I use Netwatch with an UP and DOWN script that emails me notifications when a new UP or DOWN condition occurs.
The non-default netwatch settings include:
packet-count=270
packet-interval=1s
thr-avg=400ms
thr-loss-percent=95%
This is the script entry:
/tool netwatch
add comment=Netwatch-192.168.0.11 disabled=no down-script=netwatch-5-2025 host=192.168.0.11 http-codes="" interval=5m name=Netwatch-192.168.0.11 packet-count=270 packet-interval=1s test-script="" thr-avg=400ms thr-loss-percent=95% timeout=4s type=icmp up-script=netwatch-5-2025
I am occassionally getting emails such as these:
2025-11-15 17:58:18 Netwatch-192.168.0.11 629hAPac3 down to 192.168.0.11 with rtt-avg of 76 and loss-percent of 1%. The thresholds are thr-avg of 400ms and loss-percent of 95%.
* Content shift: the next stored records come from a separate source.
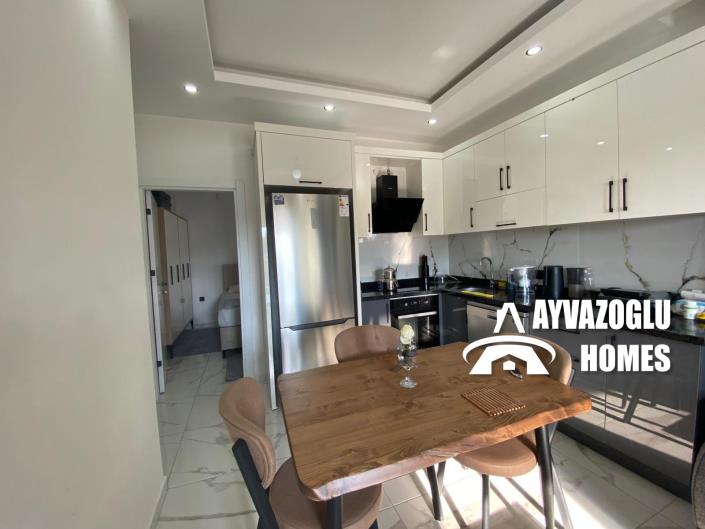 Image No.8-Appartement de 3 chambres à vendre à Demirtas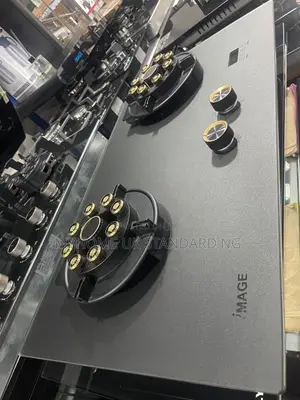 Image Brand Built-in Digital Gas Hob Matt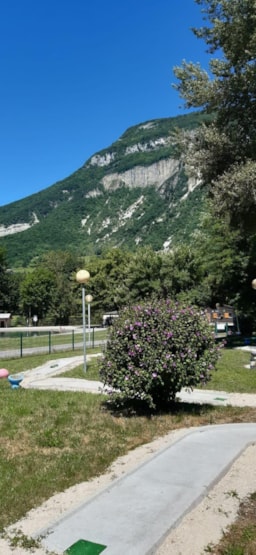 Sport activities Camping Le Colombier - Culoz
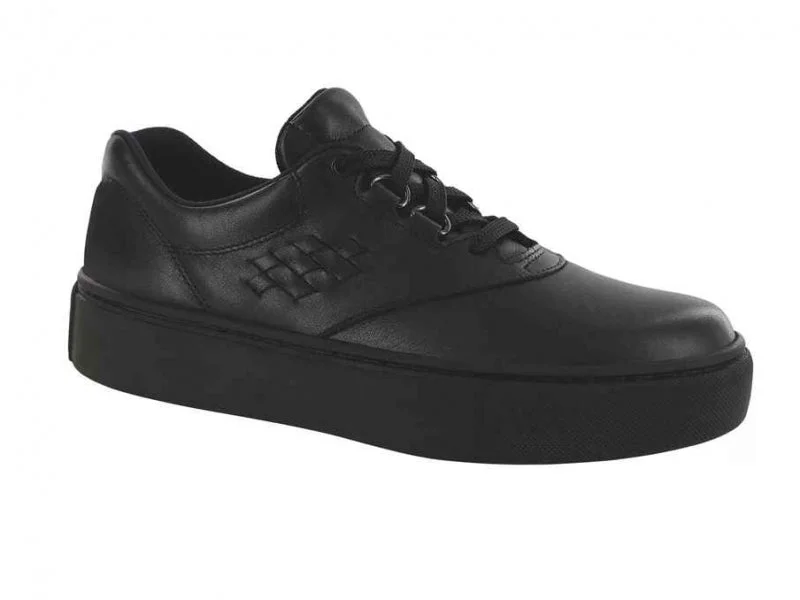 SAS Free Rein 3 - Women's Walking Shoe Matte Black (MBLK)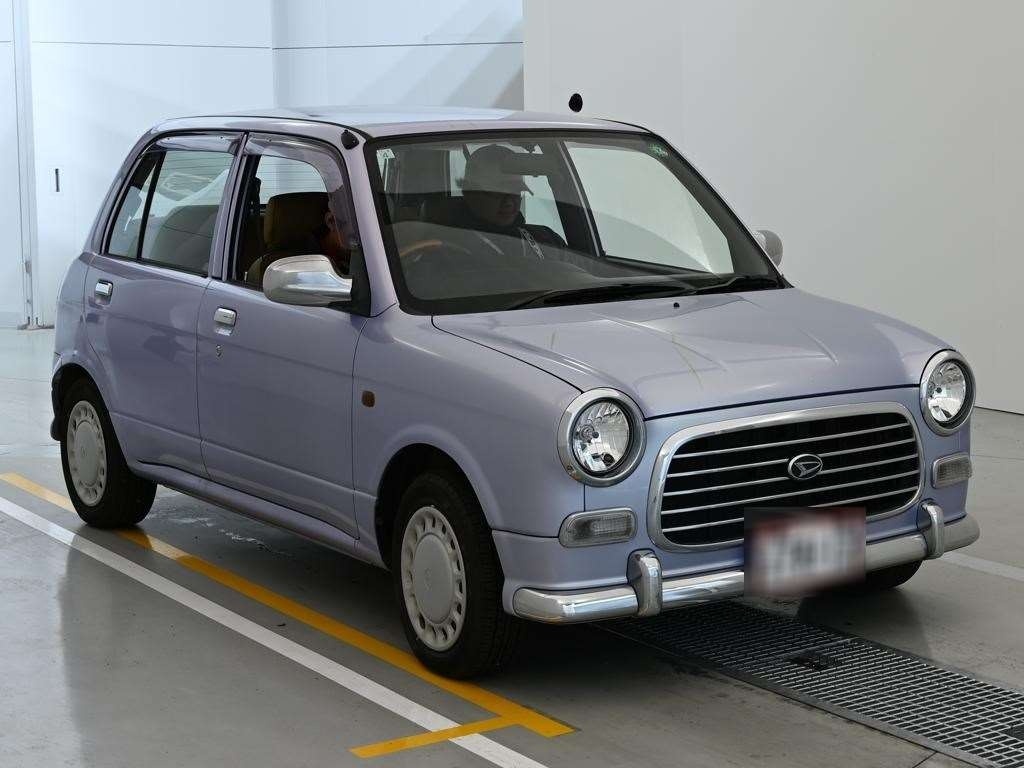 DAIHATSU MIRA GINO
rtt-avg and loss-percent were clearly not the triggers of the DOWN condition.
So I added a logging topic for netwatch:
/system logging
add topics=netwatch
And waited until the next DOWN email arrived. Checked the log and this is what I found:
[FAIL] rtt-max: 3757.254 ms [ > 1000.000 ms ]
[FAIL] rtt-jitter: 3736.313 ms [ > 1000.000 ms ]
[ OK ] rtt-avg: 78.987 ms [ <= 400.000 ms ]
[FAIL] rtt-stdev: 303.947 ms [ > 250.000 ms ]
[ OK ] loss count: 3 [ <= 4294967295 ]
[ OK ] loss: 1.1% [ <= 95.0% ]
Seems that the rtt-max, rtt-jitter, and rtt-stdev occassionally are above the default values.
What would you do?
Explicitly set those parameters to higher levels, or leave as is and accept what, for my purposes, are false-positives (at least insofar as actionable (i.e., worryable) events)? Or something else?